Upon application of the State, we granted a writ of certiorari to review the ruling of the district court granting defendant’s motion to suppress evidence. We now reverse.
The only witness to testify at the hearing on the motion to suppress was the arresting officer. He narrated the following events: On January 5th about 2:00 a.m. he met with an informant who told him that a black male named Bernard was selling cocaine at various bars on Daneel Street. The informant further described Bernard as being between 20 and 25 years of age, about 5'7" tall, weighing 150 pounds, and wearing a blue knit hat, black leather jacket and blue jeans. At about 2:30 a.m. the informant told the officer that Bernard was selling drugs at J.P.’s Bar and Restaurant. The officer travelled in his car on Daneel Street and passed J.P.’s Bar and Restaurant. He observed a subject fitting the informant’s description of Bernard talking to two other black males. With his partner in the car with him, the officer drove around the block hoping to establish surveillance of the subject when he returned to Daneel Street. When the officers returned to Daneel Street the subject was observed crossing First Street at Daneel with another black male. The subject appeared to notice the officers and became nervous and attempted to walk away. The officers got out of their car, identified themselves as police officers and stopped the two subjects. The subject thought to be Bernard was asked to identify himself. He said his name was Bernard Lee. The officer advised Mr. Lee that he was under investigation for possession of narcotics, advised him of his “constitutional rights” (presumably as per Miranda), and asked him to walk over to the police car. Mr. Lee told the officer, “Officer can I talk. I have *1118some stuff.” , The officer said Mr. Lee was trembling, very nervous, very talkative. The officer conducted a frisk of Mr. Lee and found a large bulge in his waistband. This bulge was the evidence seized by the officer and suppressed by the district court.

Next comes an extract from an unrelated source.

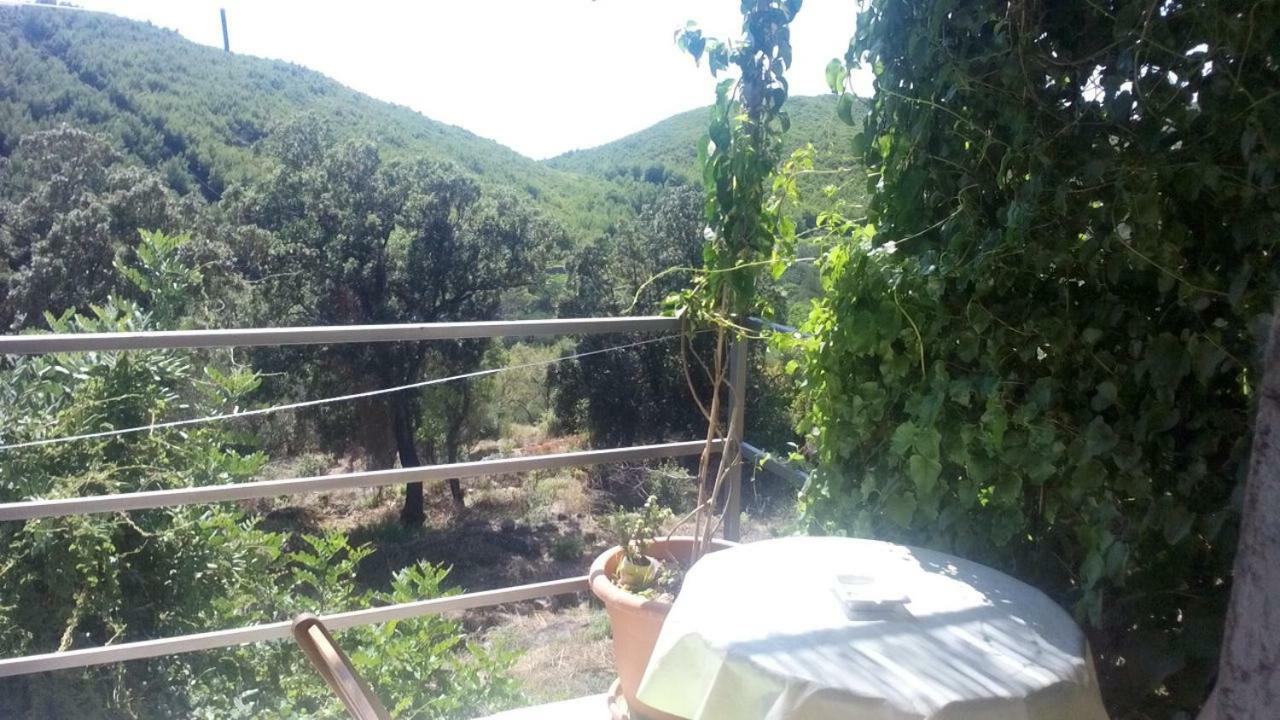 Cottage Melita The Apartment For Animal Lovers Babino Polje Extérieur photo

La.C.Cr.P. Art. 215.1 permits an officer to “stop a person in a public place whom he reasonably suspects is committing, has committed, or is about to commit an offense and may demand of him his name, address, and an explanation of his actions.” Reasonable suspicion, required for an Art. 215.1 investigatory stop, is something less than probable cause and must be determined under the facts of each case by whether the officer had sufficient knowledge of facts and circumstances to justify an infringement on the individual’s right to be free from governmental interference. State v. Keller, 403 So.2d 693 (La.1981).
An informant’s tip can provide a police officer with reasonable cause to detain and question a suspect. State v. Jernigan, 377 So.2d 1222 (La.1979); State v. Bolden, 380 So.2d 40 (La.1980). Informants’ tips vary greatly, however, in their value and reliability, rendering impossible one rule to cover every situation. Adams v. Williams, 407 U.S. 143, 92 S.Ct. 1921, 32 L.Ed.2d 612 (1972). The information received must carry enough indicia of reliability to justify the stop.
The information provided to the officer in this case included a detailed description of an individual engaged in illicit drup trafficking at a particular location in the city. When the officer arrived at that particular location he observed an individual fitting the description provided by the informant. When the individual noticed the officers he became nervous and began to walk away. Although the officer did not observe the suspect engage in any illegal activity, we find that based upon the information provided and its subsequent corroboration, the officer had reasonable cause to suspect sufficient to justify an investigatory stop.
As noted above, La.C.Cr.P. Art. 215.1 permits an officer with reasonable cause to make an investigatory stop to demand of the individual stopped “his name, address and an explanation of his actions.” The officer in this case testified that when he stopped the defendant he asked him his name. When the defendant furnished the name “Bernard Lee” (the informant had provided the name “Bernard”), the officer told him that he was under investigation for possession of narcotics, advised him of his “constitutional rights”, and asked him to walk over to the police car. We find nothing improper with this procedure.
Before the officer had an opportunity to inquire of defendant an explanation of his actions, defendant stated, “Officer, can I talk, I have some stuff.” This spontaneous, unsolicited admission by defendant provided the officer with probable cause to believe that the defendant possessed contraband. The officer was justified, therefor, in conducting the frisk of defendant’s person which led to the discovery and seizure of the evidence defendant seeks to suppress.
Because we find that the officer had reasonable cause to conduct an investigatory stop, that the procedure employed during the stop was proper, and that the officer’s reasonable suspicions blossomed into probable cause to search on the basis of information voluntarily provided by the defendant, we hold that the trial court erred in granting defendant’s motion to suppress evidence. Accordingly, the ruling of the district court is reversed, the motion to suppress evidence is denied, and the matter is remanded to the district court for further proceedings consistent with this opinion.